China recently conducted a transnational remote controlled plasma discharge experiment with its new generation "artificial sun" device, formally known as an Experimental Advanced Superconducting Tokamak (EAST), which has been built in Hefei, Anhui province. Through a dedicated data network, experts from General Atomics USA were easily able to start the nuclear fusion experimental installation from the other side of the globe with the click of a mouse.
Wu Songtao, deputy director of the Institute of Plasma Physics under the Chinese Academy of Sciences, said that the remote controlled plasma discharge has laid the foundation for broader joint research into nuclear fusion in the near future, and set an example for multinational experimentation with international thermonuclear fusion experimental reactors (ITER).
It was reported that the data and discharge images received by experts in the DIII-D experimental nuclear fusion laboratory at General Atomics USA are exactly the same as those obtained by the Chinese scientists in the control room. In this first international operation, the plasma discharge lasted close to five seconds and generated an electrical current of 250 kiloamperes.

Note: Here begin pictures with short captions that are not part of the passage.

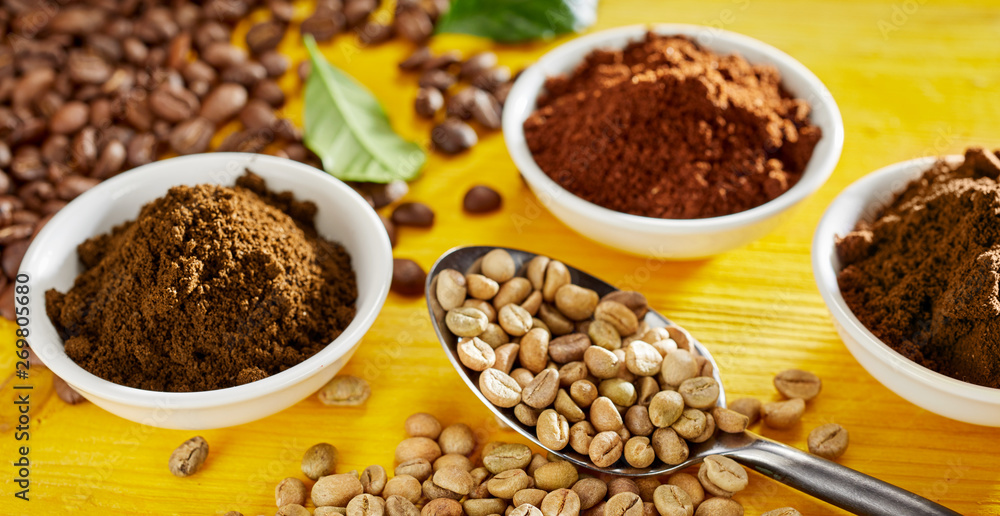 Raw white coffee beans with freshly ground coffee Raw white coffee beans with freshly ground coffee
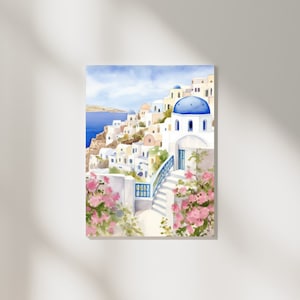 Puede incluir: Una pintura en acuarela de un pueblo costero con edificios blancos de techos abovedados azules, escaleras de piedra y barandillas azules. La escena incluye flores de buganvilla de color rosa vibrante en primer plano y un mar azul.
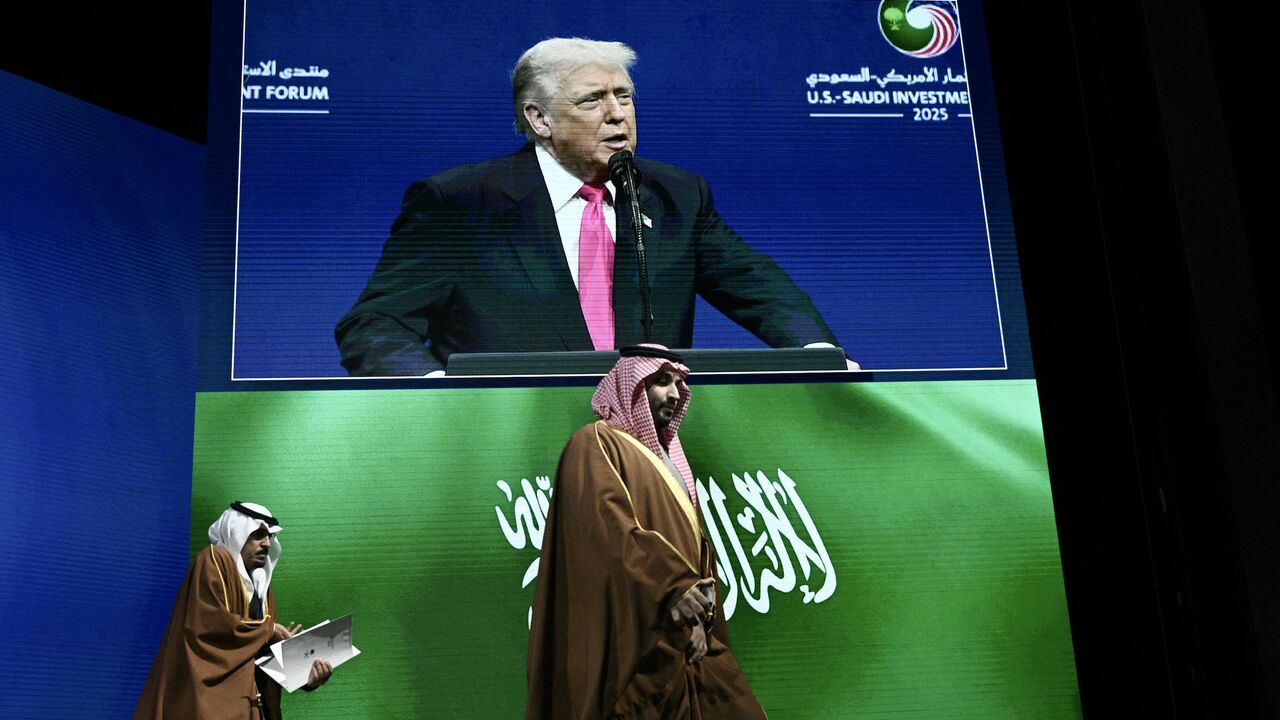 Crown Prince and Prime Minister of the Kingdom of Saudi Arabia Mohammed bin Salman (R) arrives as US President Donald Trump is seen on a screen.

According to Wu, due to the time difference between the continents, EAST physical experiments can be carried out by remote operation around the clock. The Chinese can do experiments during the daytime and the Americans can work the night shift. A suitable time can also be arranged for the Europeans to get involved, said Wu. This way, scientists will be able to accelerate fusion research enabling people to channel the energy produced by nuclear fusion as early as possible.
Wu also noted that the next ITER, another experimental device developed by China, the EU, the United States, South Korea, Japan, Russia and India will be built in France. By adopting the same means of experimentation, scientists will not need to work on site.

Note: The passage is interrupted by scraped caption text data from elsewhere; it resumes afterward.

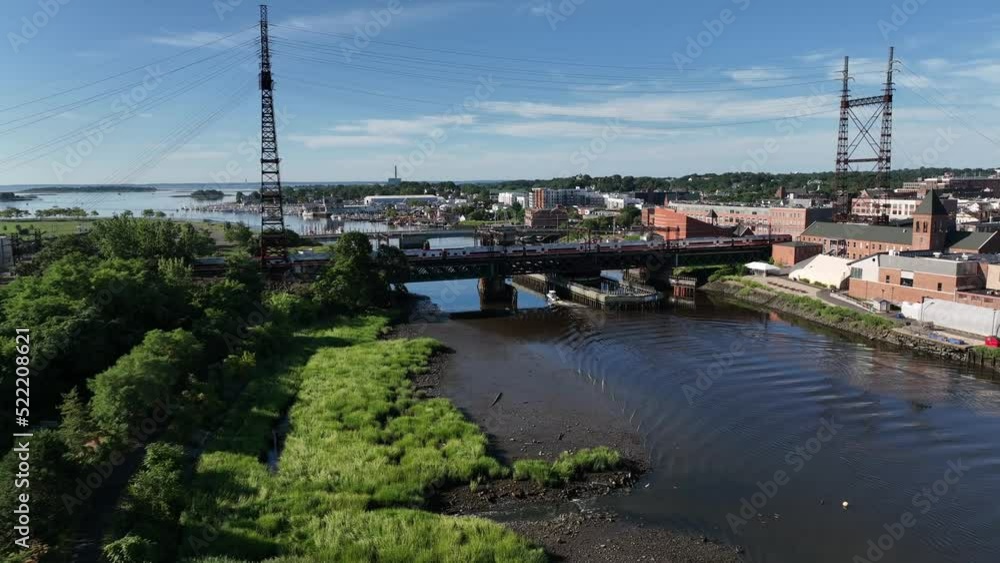 An aerial view by the Norwalk River Railroad Bridge on a sunny morning. The drone camera dolly in and pan right following a commuter train. An aerial view by the Norwalk River Railroad Bridge on a sunny morning. The drone camera dolly in and pan right following a commuter train.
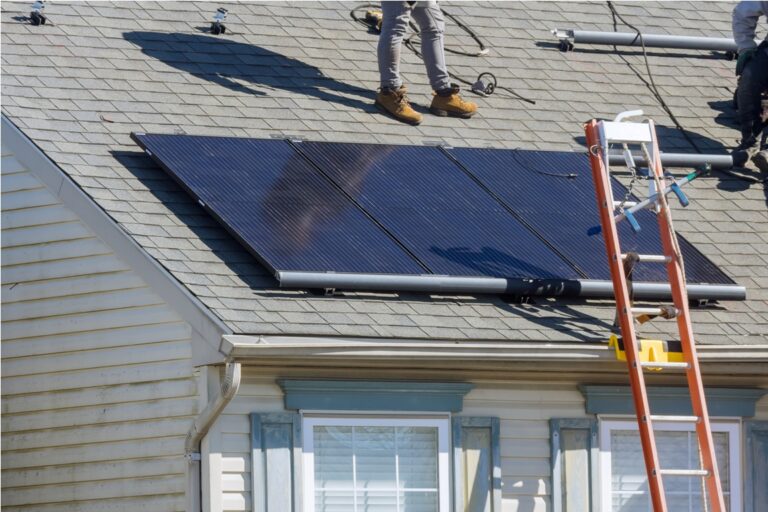installed solar panels in use on roof of home for alternative energy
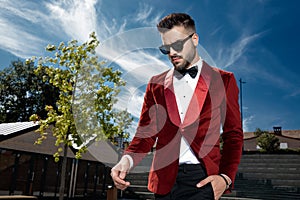 Worried young man wearing red velvet tuxedo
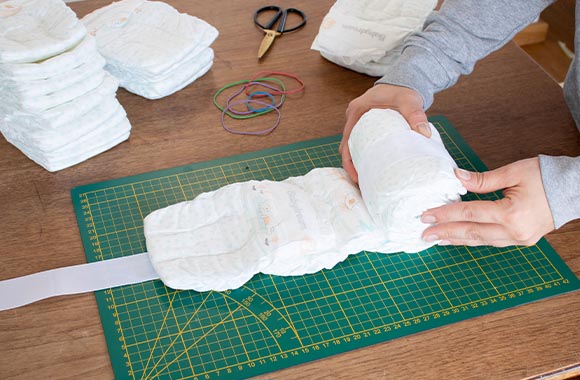 Rolling the body of the homemade nappy cake.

On September 28, 2006, after eight years of construction at a cost of around 200 million yuan, the EAST was completed and put into operation. In the first round of experiments, scientists realized circular high temperature plasma discharge which lasted nearly for five seconds and generated an electrical current of 500 kiloamperes. The EAST is the world's first nuclear fusion experimental installation with a superconducting magnet and active cooling system. China thereupon marched into the ranks of advanced countries in the field of magnetic confinement fusion.